--- What needs to be done ---
Copy out exactly the lines from the one containing "Witold Rydzewski Nekrolog" to the last line of the records below, both included, and leave out any pictures.

Segment Start: Information shown

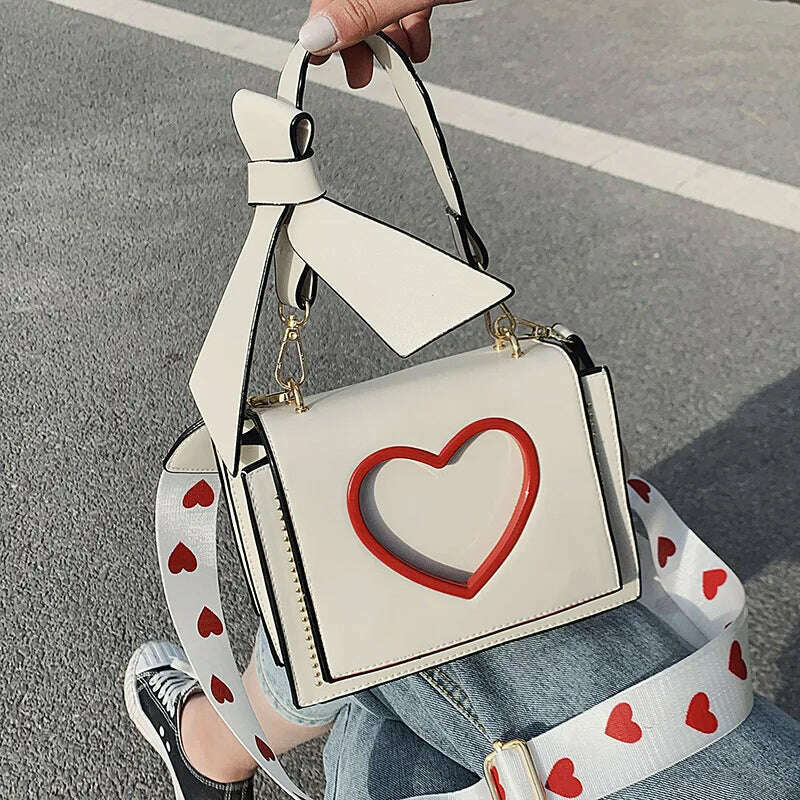 KIMLUD, Shoulder Bags Heart Handbags Fashion Designer Luxury Crossbody Bag for Women High Quality Casual Flap Female Cute Messenger Bags, KIMLUD Womens Clothes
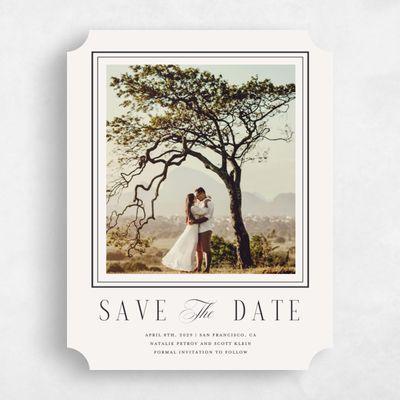 Beige Ticket Wedding Save the Date - Agate Photo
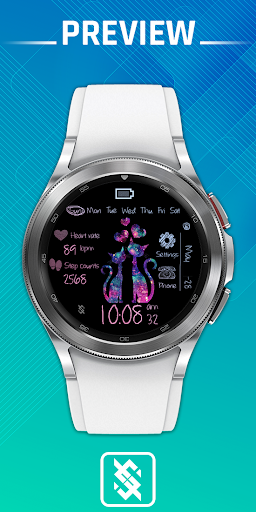 Android application BFF20- Neon Art Cat Couple screenshort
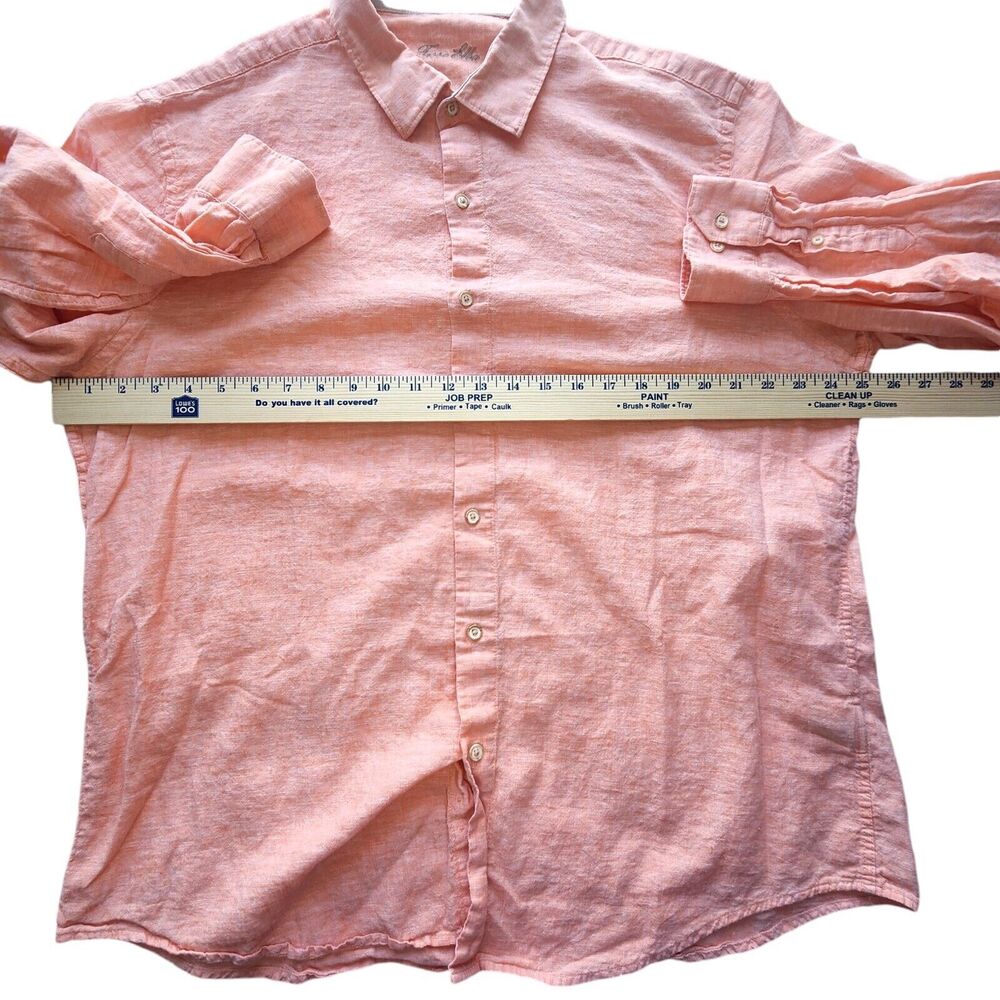 Tasso Elba Mens Size XL Orange Linen Blend Button Down Shirt Long Sleeve Island - Picture 6 of 9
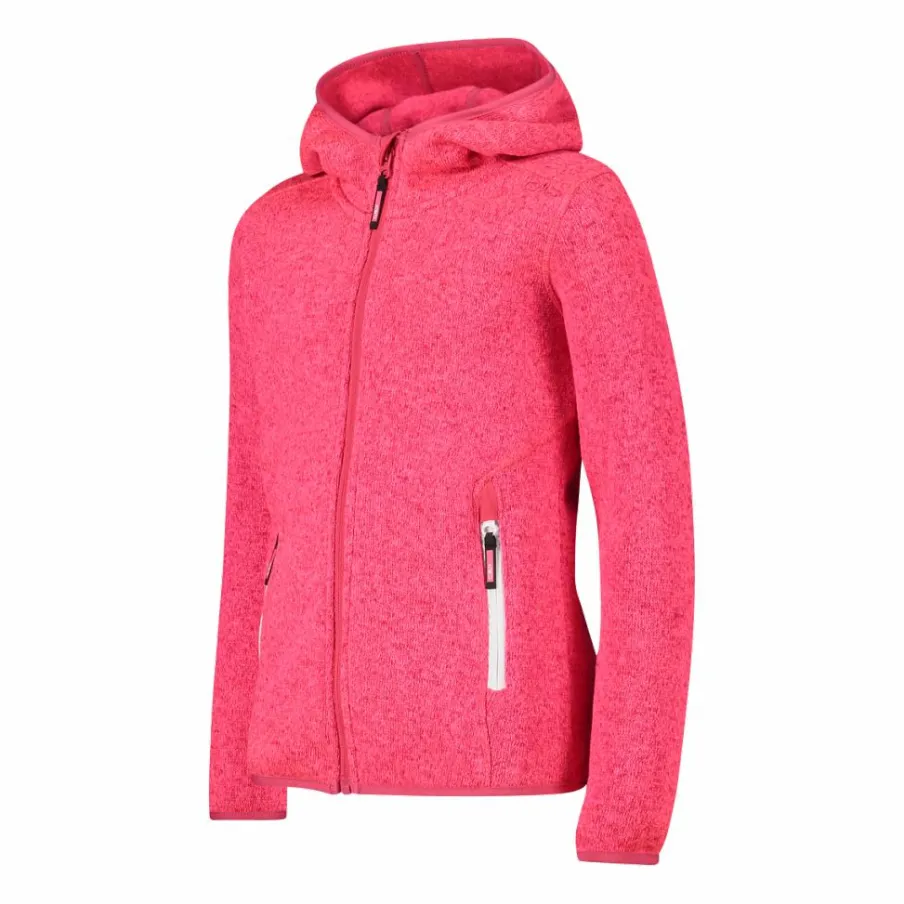 CMP Pile E Felpe^Giacca in pile da bambina in knit-tech mélange con cappuccio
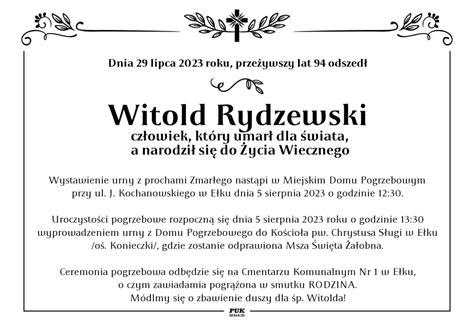 Witold Rydzewski Nekrolog I Kondolencje Zak Ad Us Ug Pogrzebowych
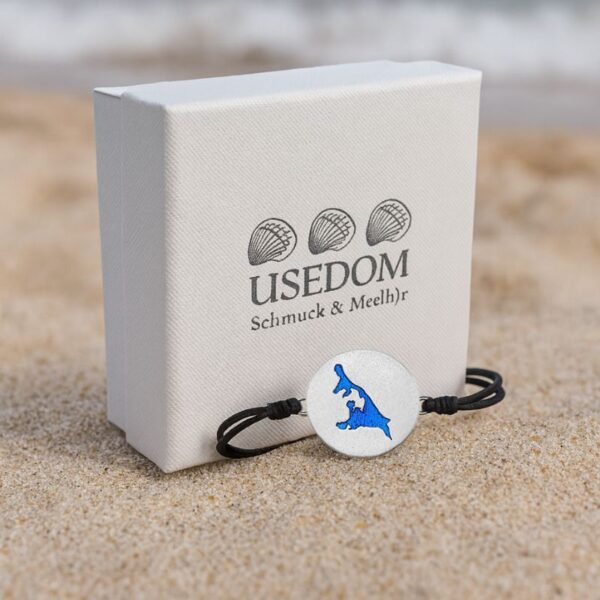 925er Silber Armband, rhodiniertes Silber, blaue Emaille, verstellbares Makramé-Band, Unisex, wasserfest, Usedom Schmuck
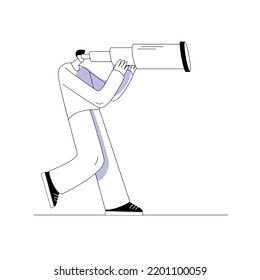 A young man in casual clothes looks through a telescope. Illustrations on the topic of strategic planning and visionary decisions.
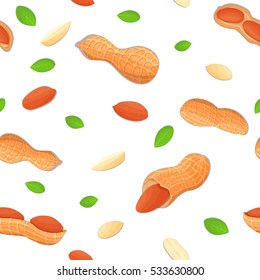 Vector seamless pattern peanut nut. Illustration of peeled nuts and in shell isolated on white background it can be used as packaging design element printing brochures on healthy and vegetarian diet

Segment End: Information shown

--- Worked solution ---
 Witold Rydzewski Nekrolog I Kondolencje Zak Ad Us Ug Pogrzebowych
 925er Silber Armband, rhodiniertes Silber, blaue Emaille, verstellbares Makramé-Band, Unisex, wasserfest, Usedom Schmuck
 A young man in casual clothes looks through a telescope. Illustrations on the topic of strategic planning and visionary decisions.
 Vector seamless pattern peanut nut. Illustration of peeled nuts and in shell isolated on white background it can be used as packaging design element printing brochures on healthy and vegetarian diet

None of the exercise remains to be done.